ICELAND- The members of the Center for Reasonable and Appreciated Politics traveled to Iceland last week to protest the active volcano which began erupting on April 15.
"Of all the weeks for Earth to pull this shit," said Steven Hills, president of the Center for Reasonable and Appreciated Politics, or C.R.A.P for short. "Earth couldn't have waited just another week or something, it just couldn't! I mean, hel-lo! We're trying to have an 'Earth Day' here!"
It's true. More than two dozen protesters traveled by boat to the coast of Iceland in order to shout their disapproval at the active volcano, named Eyjafjallajokull, or Jibba-Jabba-Jooboo to us Americans.
"We can't even get on a diesel powered plane to protest this, since [Jibba-Jabba-Jooboo] is spewing out all the ash into the atmosphere, polluting the hell out of it," said Debbie Pollack, a 42 year old account and frequent viewer of the Today Show. "What a gluttonous Earth we have."

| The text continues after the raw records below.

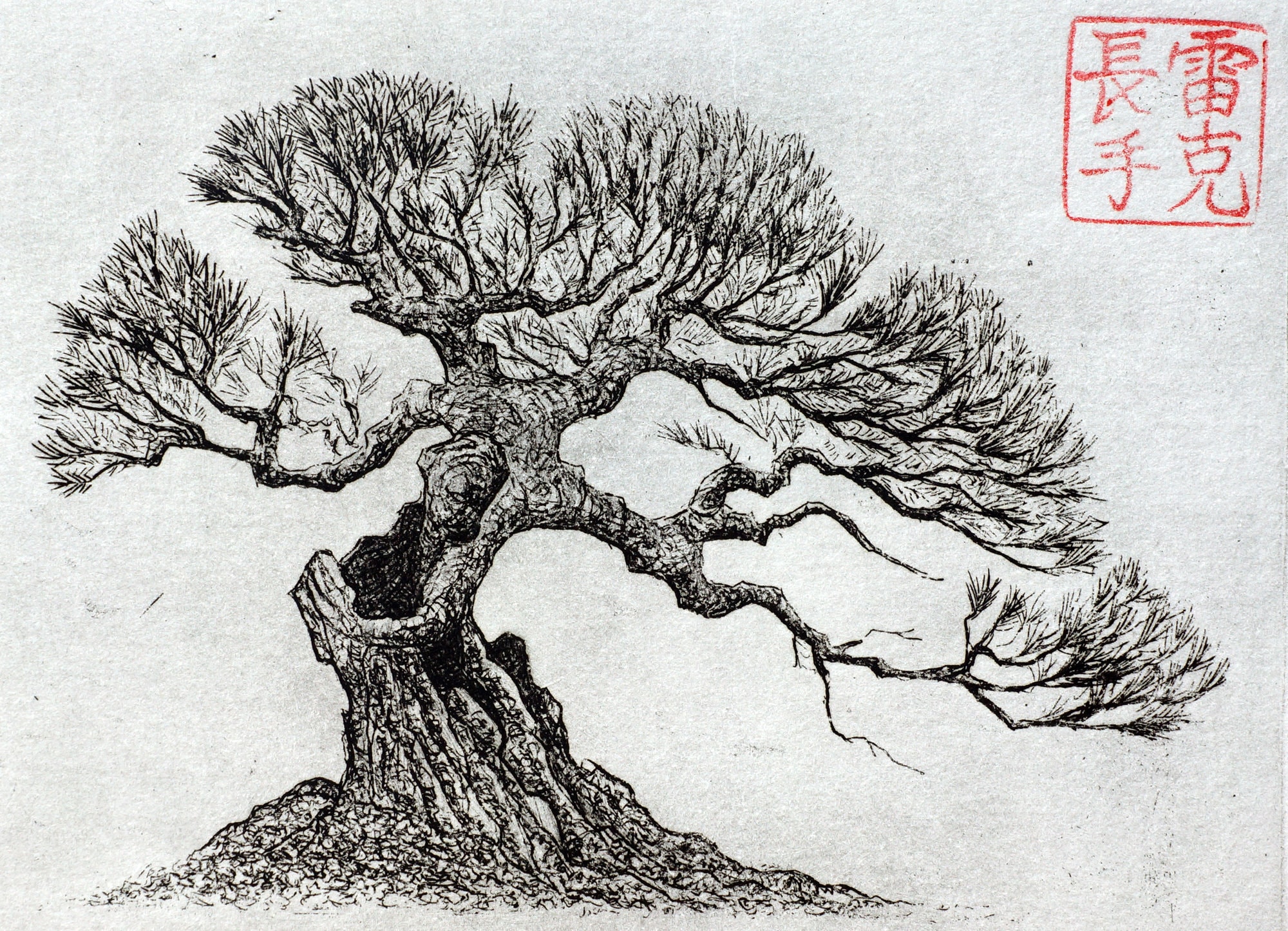 Japanese Pine Bonsai Print Etching Intaglio Print Hand Etsy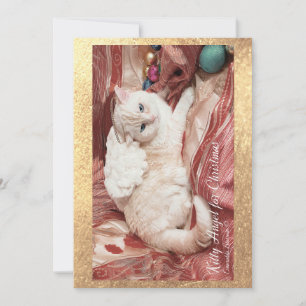 Kitty Angel for Christmas Card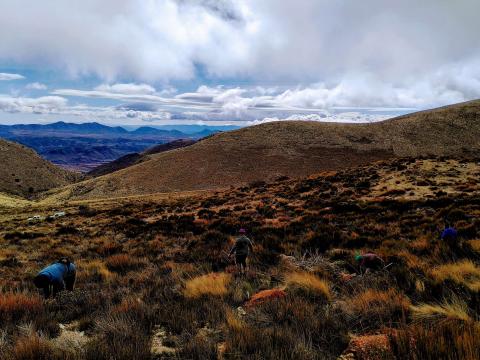 AlVelAl, primer proyecto español verificado bajo el Estándar de Restauración de Ecosistemas Forestales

Millions of tons of ash has been shot miles high into the atmosphere, disrupting airline travel across Europe for days on end. Protesters have gotten slightly tired over the 10-day boat trip, but are trying to stay vigilant. "Whenever I think that maybe we should be focusing on things like illegal pesticides or fossil fuel pollutants," said Steven Hills, "I think about the thousand of tons of sulfur dioxide, hydrogen sulfide, carbon monoxide, hydrogen chloride and hydrogen fluoride being sent into our air, choking us. It's ridiculous!"

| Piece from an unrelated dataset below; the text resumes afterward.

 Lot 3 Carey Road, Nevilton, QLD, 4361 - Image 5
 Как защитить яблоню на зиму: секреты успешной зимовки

The biggest move the Center for Reasonable and Appreciated Politics hopes to achieve is a bill proposed to President Obama to stop volcanic activities by 18% over the next 10 years. "I polished off the letter and sent it to my local congressman before we left off the coast of Newfoundland on Tuesday," said Hill. "Maybe our protesting will help raise volcano awareness."
When asked how exactly the Center for Reasonable and Appreciated Politics is going to protest a volcano, Hills fell short on a definite answer. "Ya know," he said with his head cocked to the side, "I never gave that much thought. I just got so keyed up when I saw the pollution on television, I just felt like I had to protest it."
At the time of this article being published, there were rumors that upon reaching the shore of Iceland, members of C.R.A.P will stand at a safe distance and shake their fists at the volcano.